40/01 Verwaltungsverfahren;
60/02 Arbeitnehmerschutz;

Norm

AAV §102 Abs3;
AAV §102 Abs4;
AAV §12 Abs2;
ASchG 1972 §31 Abs2 litp;
AVG §45 Abs1;
AVG §52;
VStG §44a Z1;

Betreff

Der Verwaltungsgerichtshof hat durch den Vorsitzenden Vizepräsident Dr. W. Pesendorfer und die Hofräte Dr. Bernard und Dr. Riedinger als Richter, im Beisein der Schriftführerin Dr. Wildmann, über die Beschwerde des A in W, vertreten durch Dr. K, Rechtsanwalt in W, gegen den Bescheid des Unabhängigen Verwaltungssenates Wien vom 21. Oktober 1993, Zl.
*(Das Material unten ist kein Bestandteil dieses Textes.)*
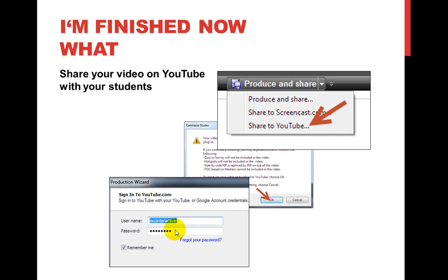Depending on how long the video is, it could take one minute or it could take 30 minutes. It has to render the whole video and then upload it to YouTube. You will get a link, and it will actually open up a YouTube window saying this video is being processed. At that point, you can share your video. You'll have a YouTube URL, which is what I'm going to send you, and you can give that to your students, put it in your Blackboard site, in an email, in a Word document — whatever you want to do with it. It's now available for you to send out and share with everybody on the internet.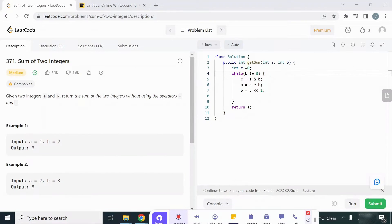Hello everyone, welcome to my channel Coding Together. My name is Vikas Hoja. Today we will see another LeetCode problem — that is Sum of Two Integers. It is a medium level question, so let us read the problem statement.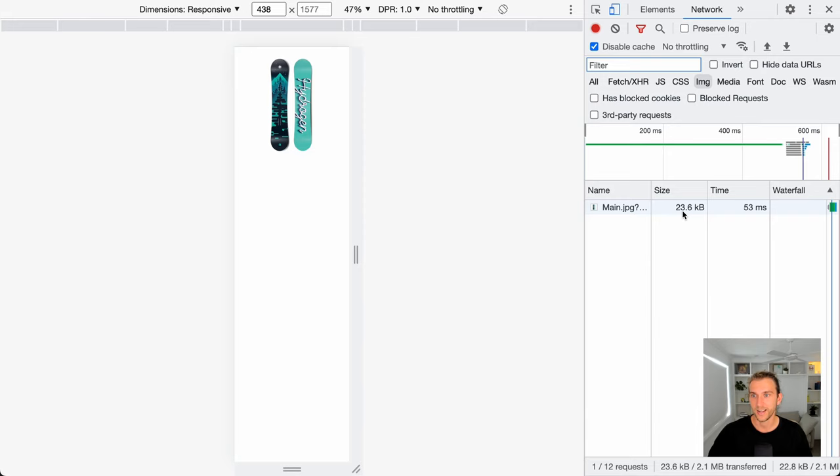But as we increase the window size, it automatically grabs the higher res image.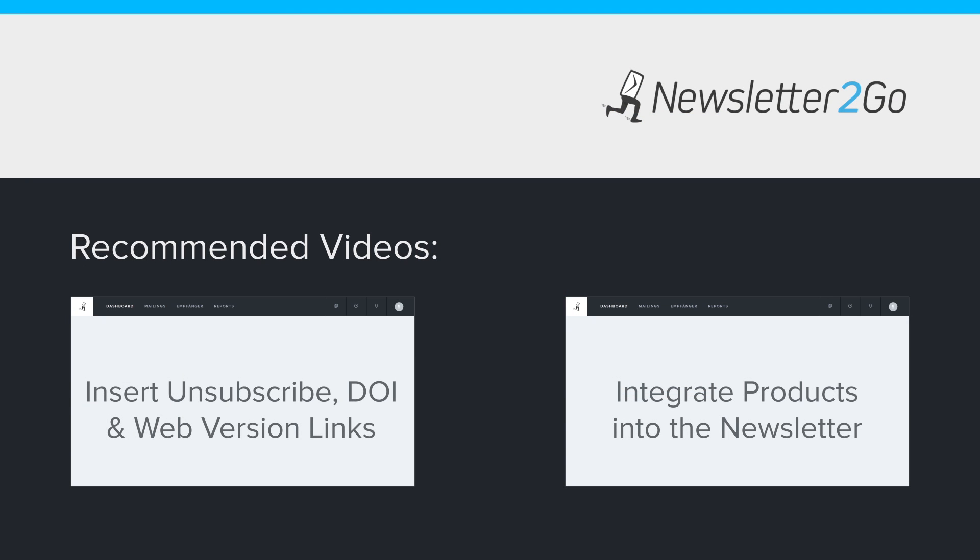Learn how to include unsubscribe options and links to a web version of your newsletter in the next videos.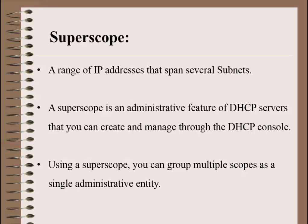SuperScope. A SuperScope is an administrative feature of DHCP server that can be created and managed through the DHCP console. Using a SuperScope, you can group multiple scopes as a single administrative entity.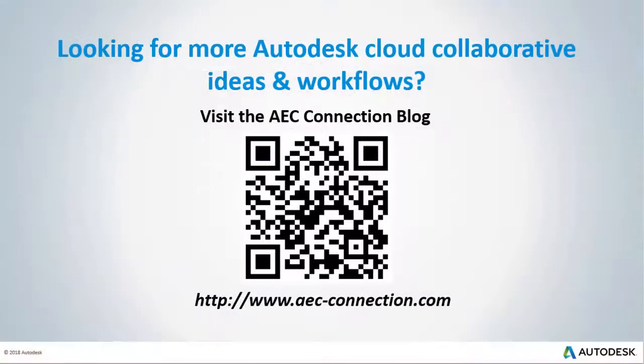Would you like to explore additional Autodesk Cloud Collaborative ideas and workflows? If so, please visit the AEC Connection blog by scanning the QR code or by following the URL listed below.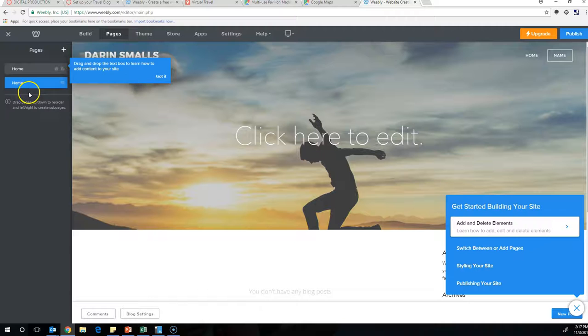And the name for this page will be in the assignment on Canvas. So make the required amount of pages, make sure they're blog pages, and then go ahead and publish your site and follow the requirements on Canvas to finish up this assignment.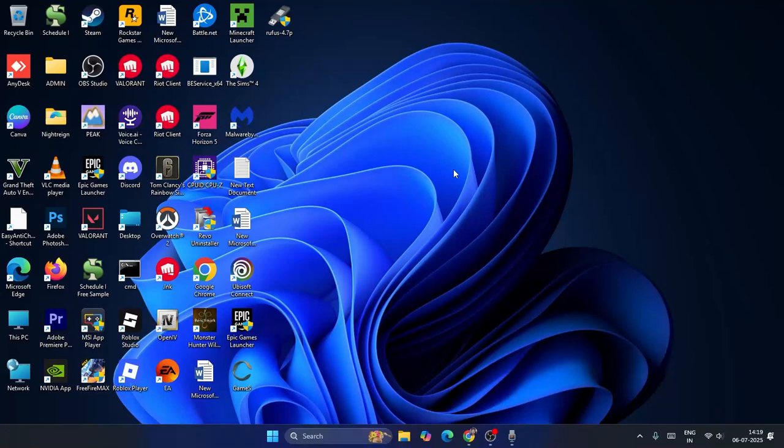What's up everyone, welcome back to another video on GetTroy tips. In this video, I'm going to talk about how to install Counter Strike 2 on your laptop or PC.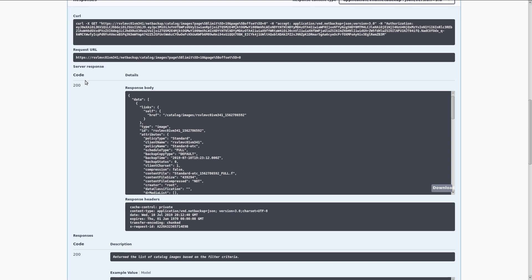In the server response, we see we got a 200, which is a success, and we also see the details for the backup image that is on the system.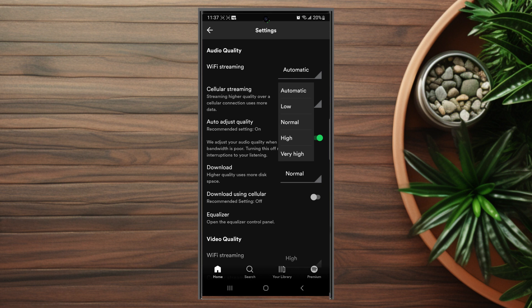So there you have it, just a quick tip on how to change the audio quality for Spotify on the Samsung Galaxy S23 Ultra.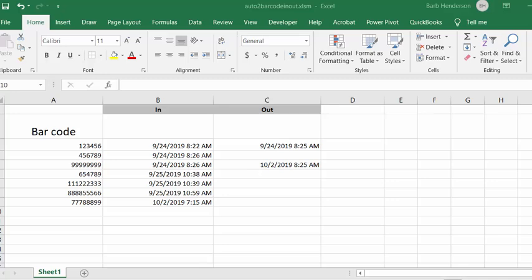I'm going to show you how to automatically generate timestamps when barcodes are scanned in Excel. It appears that people are looking for a hands-free way of entering in and out times on their timestamps when the barcodes are scanned.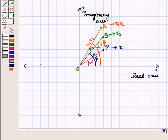In this session we have discussed how to represent conjugation and multiplication of complex numbers on the complex plane. This completes our session. Hope you all have enjoyed the session.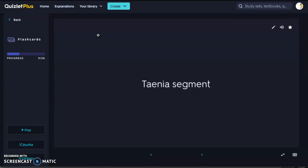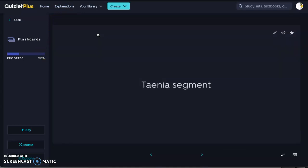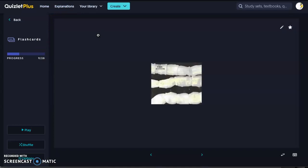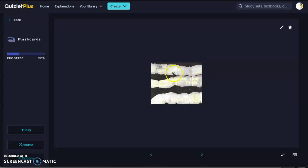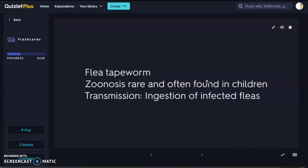Next we have the Taenia worm segment. Once it's an adult, it segments out. These segments are shorter and wider, which is going to be different than the next tapeworm species we're going to look at.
UVS-07/20/00923/93, betreffend Übertretungen des Arbeitnehmerschutzgesetzes, zu Recht erkannt:

Spruch

Die Beschwerde wird als unbegründet abgewiesen.
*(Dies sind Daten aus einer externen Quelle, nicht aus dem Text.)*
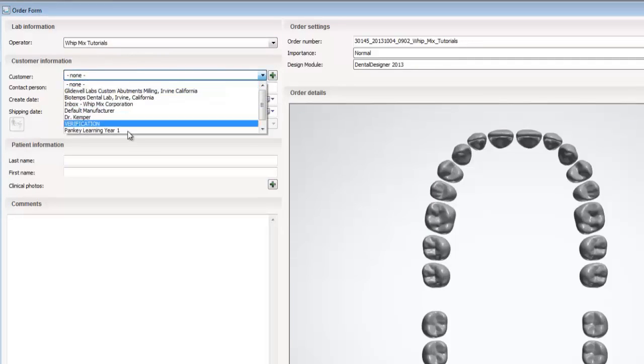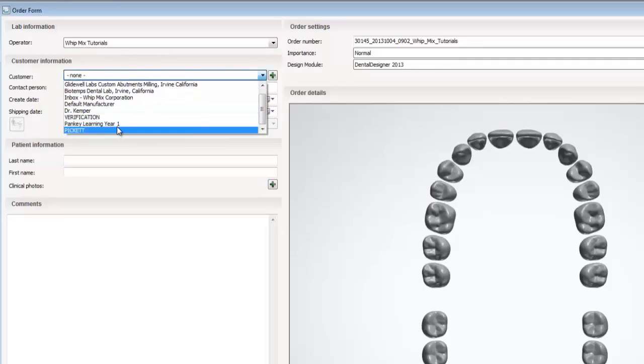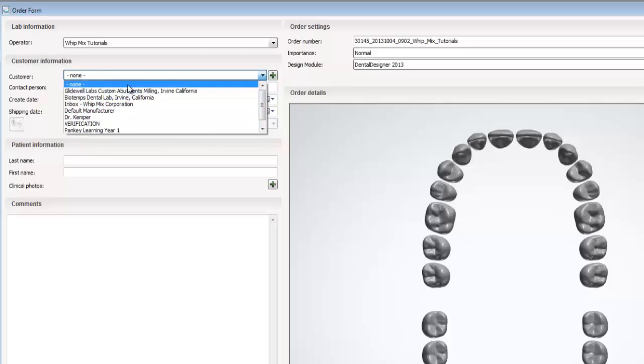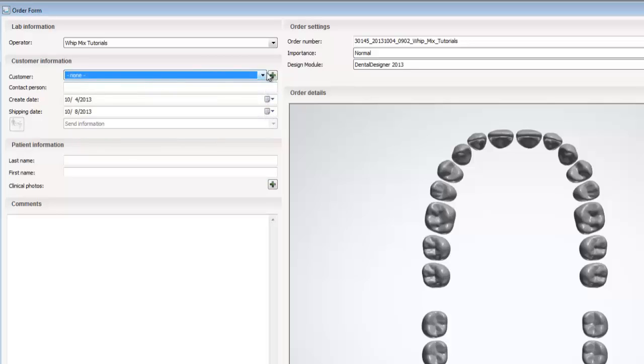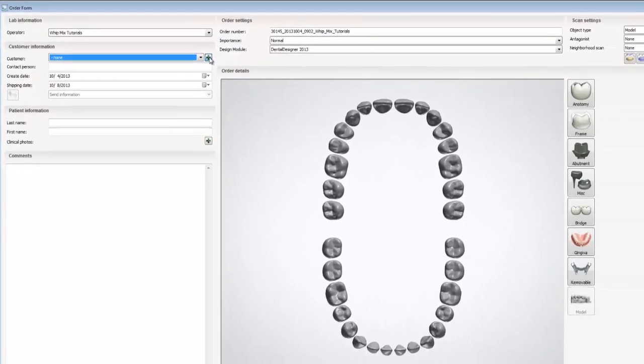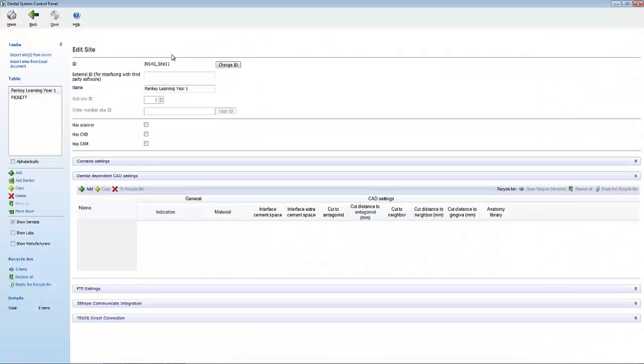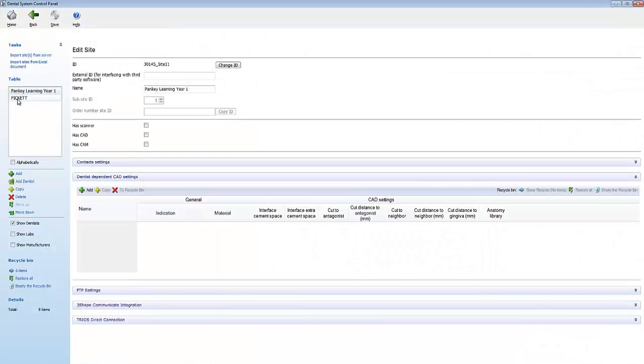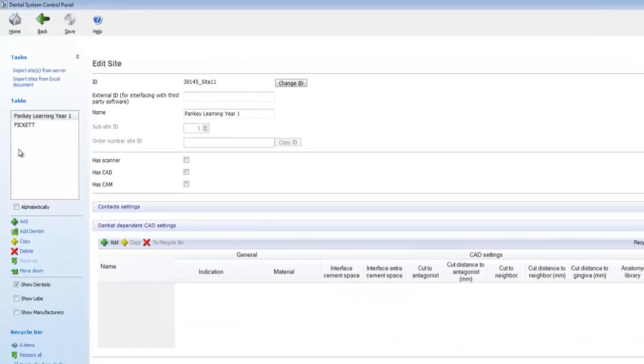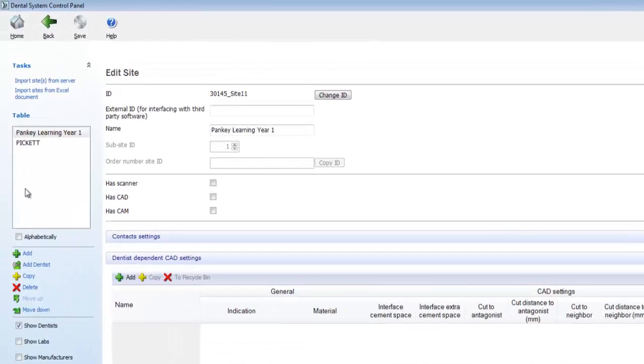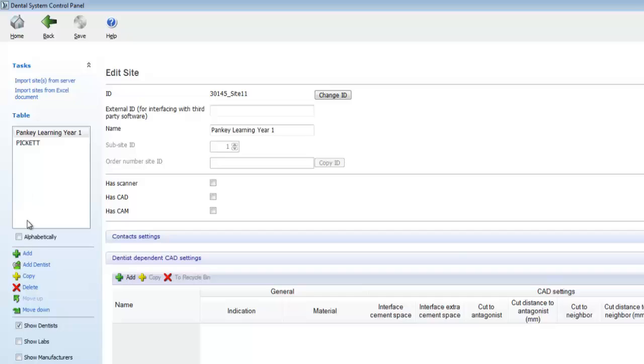Now we want to add our lab to the customers list, because it's not in the list currently. To do this, we simply click on the plus sign next to the customer drop down menu. This will open up the control panel. Once the control panel opens, we'll see a list of other labs in the system. We can sort the list alphabetically by clicking in the check box in front of alphabetically.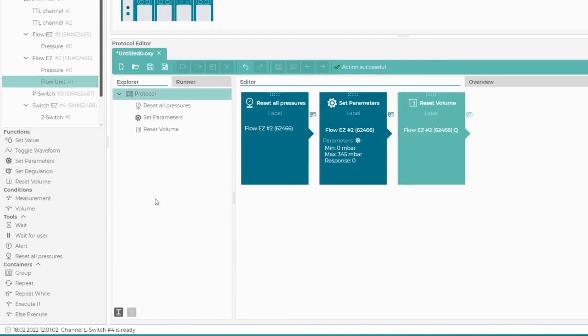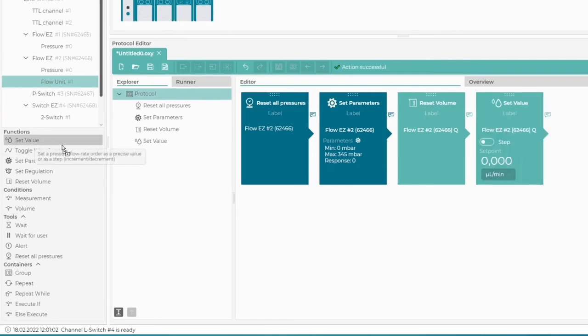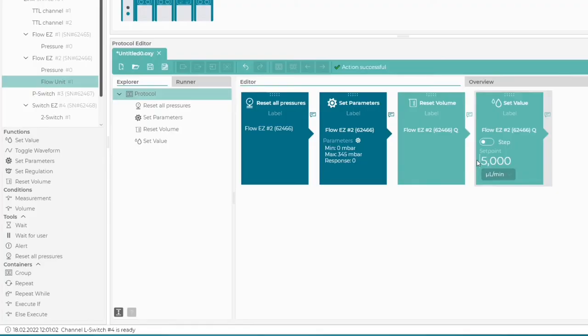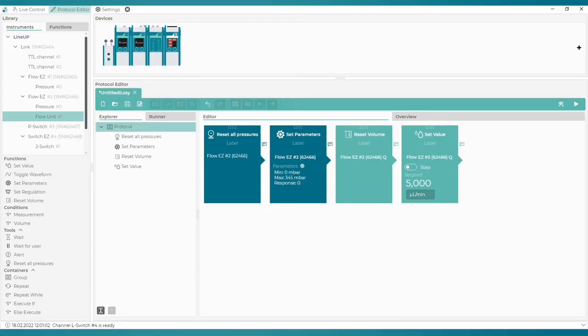Now we reset the volume counter. The preparatory part of the protocol is done. We can now set the flow rate to control the FlowEasy pressure through the flow unit.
Der Beschwerdeführer hat dem Bund Aufwendungen in der Höhe von S 4.565,-- binnen zwei Wochen bei sonstiger Exekution zu ersetzen.

Begründung

Mit dem im Instanzenzug ergangenen angefochtenen Bescheid wurde der Beschwerdeführer in seiner Eigenschaft "als Vorstandsmitglied und somit als gemäß § 9 Abs. 1 VStG zur Vertretung nach außen berufenes Organ der Arbeitgeberin", einer näher bezeichneten Genossenschaft m.b.H. mit dem Sitz in Wien, schuldig erkannt, es verwaltungsstrafrechtlich zu verantworten zu haben, daß am 29. Oktober 1990 in einem von der Genossenschaft betriebenen Warenhaus in Salzburg "folgende Arbeitnehmerschutzbestimmungen nicht eingehalten waren:

1. Im Bereich der ständigen Arbeitsplätze in der Sportabteilung betrug die Luftgeschwindigkeit 0,2 m-0,5 m/sec.
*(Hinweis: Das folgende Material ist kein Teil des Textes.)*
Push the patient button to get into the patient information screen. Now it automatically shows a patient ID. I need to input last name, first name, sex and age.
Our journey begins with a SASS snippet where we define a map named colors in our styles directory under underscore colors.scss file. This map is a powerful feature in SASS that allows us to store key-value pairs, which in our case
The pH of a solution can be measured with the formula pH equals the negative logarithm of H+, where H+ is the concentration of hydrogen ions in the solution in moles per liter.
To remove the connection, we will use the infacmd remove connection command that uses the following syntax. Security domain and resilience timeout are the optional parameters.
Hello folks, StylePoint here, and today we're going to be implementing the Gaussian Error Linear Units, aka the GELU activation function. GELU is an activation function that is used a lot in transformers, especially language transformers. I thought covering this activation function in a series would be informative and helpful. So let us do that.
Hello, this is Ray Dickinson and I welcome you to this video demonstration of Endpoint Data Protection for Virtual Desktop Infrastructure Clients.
2. Im Bereich der ständigen Arbeitsplätze der Parfumerieabteilung betrug die Luftgeschwindigkeit 0,4 m/sec.

3. Im Bereich der ständigen Arbeitsplätze in der Konfektionsabteilung betrug die Luftgeschwindigkeit 0,7 m/sec."

Dadurch habe er drei Übertretungen nach § 12 Abs. 2 erster Satz der Allgemeinen Arbeitnehmerschutzverordnung

BGBl. Nr. 218/1983 (AAV) in Verbindung mit § 31 Abs. 2 lit. p des Arbeitnehmerschutzgesetzes begangen. Über ihn wurden drei Geldstrafen (Ersatzfreiheitsstrafen) verhängt.

In seiner an den Verwaltungsgerichtshof gerichteten Beschwerde macht der Beschwerdeführer Rechtswidrigkeit des Inhaltes des angefochtenen Bescheides und Rechtswidrigkeit infolge Verletzung von Verfahrensvorschriften geltend und beantragt die kostenpflichtige Aufhebung des angefochtenen Bescheides. Die belangte Behörde hat eine Gegenschrift erstattet, in der sie die kostenpflichtige Abweisung der Beschwerde beantragt.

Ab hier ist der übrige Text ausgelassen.